Turn it down


Pass even one of 13 appropriations bills necessary if the federal government was to be up and running in 2011, before heading home for the remainder of the campaign season -- on Sept. 30, the day the just-concluded fiscal year came to an end?

The Democratic Congress sure didn't want to do that. Why, resurgent Republicans might brand them "big spenders"!

Vote to extend the Bush tax cuts for all Americans, due to expire in only a few months, thus dispelling some measure of Americans' uncertainty about their economic future?

Couldn't do that -- the tiny 10 percent minority of "wealthy" taxpayers who already pay more than 70 percent of the nation's income taxes must be punished, made to pay more, more, no matter how many more jobs it drives overseas!

Vote instead to extend the Bush tax cuts for most Americans, while hiking taxes only on "rich" business owners and investors, further crippling the economy?

The Democratic plan had been to hold just such a vote, setting up Republicans for condemnation for their predictable "nay" votes, claiming they were "blocking tax cuts for the middle class in order to protect the rich."

But Democrats in suddenly close re-election races didn't want to be called "tax hikers" all through October, so Harry Reid and his congressional Democrats couldn't even do that.

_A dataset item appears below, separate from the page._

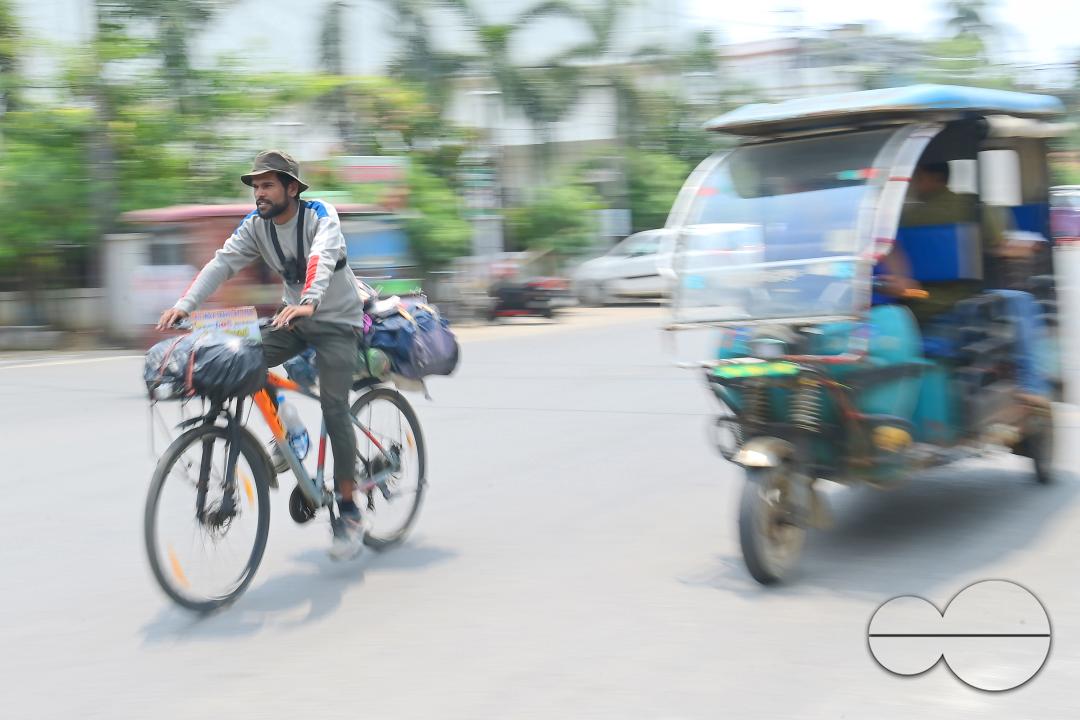 Sampoorn Shukla, a 23-year old Radio Jockey from Ashiyana, Lucknow, seen riding a bicycle during his India tour with the theme âJoin humanity save nature," in Agartala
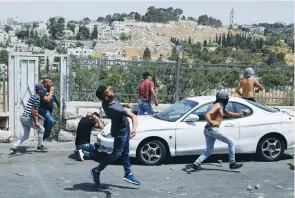  ?? (Ammar Awad/Reuters) ?? PALESTINIA­NS ATTACK security personnel outside the Old City of Jerusalem on Friday.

But never fear. The Reid-Pelosi Congress did manage to consider the Crane Conservation Act, the Shark Conservation Act and the Southern Sea Otter Recovery and Research Act in the final hours before its October recess, and to actually vote on one matter vital to the future of the republic -- making it illegal for TV stations to boost the volume when the commercials come on.

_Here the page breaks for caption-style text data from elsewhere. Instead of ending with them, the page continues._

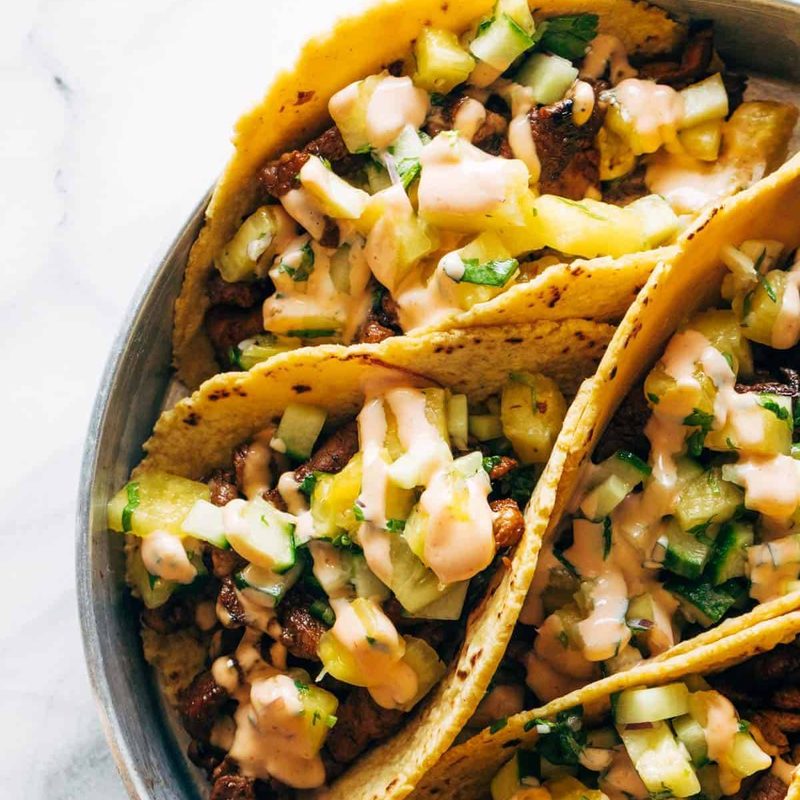 A picture of Caramelized Pork Tacos with Pineapple Salsa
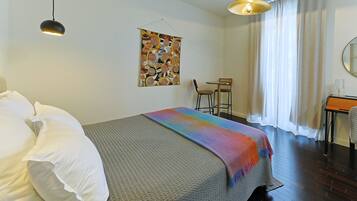 Een hotelkamer met een bed, een bureau, een stoel, een hanglamp en een raam met gordijnen.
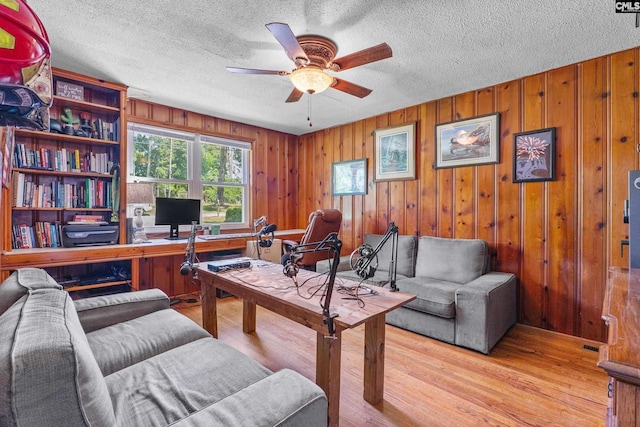 564 Rainbow Cir, West Columbia, SC 29170 - home office with ceiling fan, wooden walls, light wood finished floors, and a textured ceiling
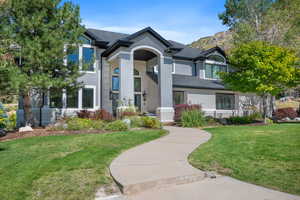 View of front of property with brick siding, a front yard, and roof with shingles
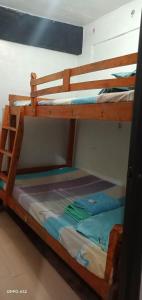 a pair of bunk beds in a room at Berly Homestay in Baguio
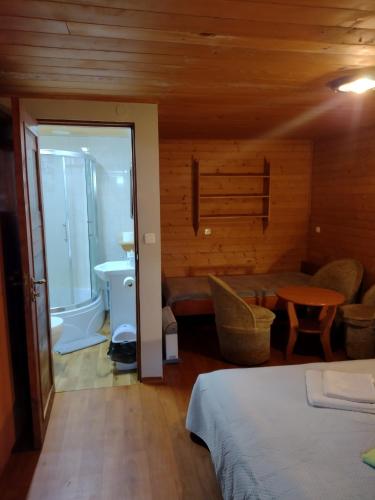 1 dormitorio con 1 cama, lavamanos y mesa en Agroturystyka U BOŻENY en Przysłup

The Senate unanimously passed a bill Wednesday to require television stations and cable companies to keep commercials at the same volume as the programs they interrupt.

After all, "TV viewers should be able to watch their favorite programs without fear of losing their hearing when the show goes to a commercial," proclaims Sen. Charles Schumer, D-N.Y., a co-sponsor.

Which would all be very nice -- if the nation weren't facing some slightly larger problems.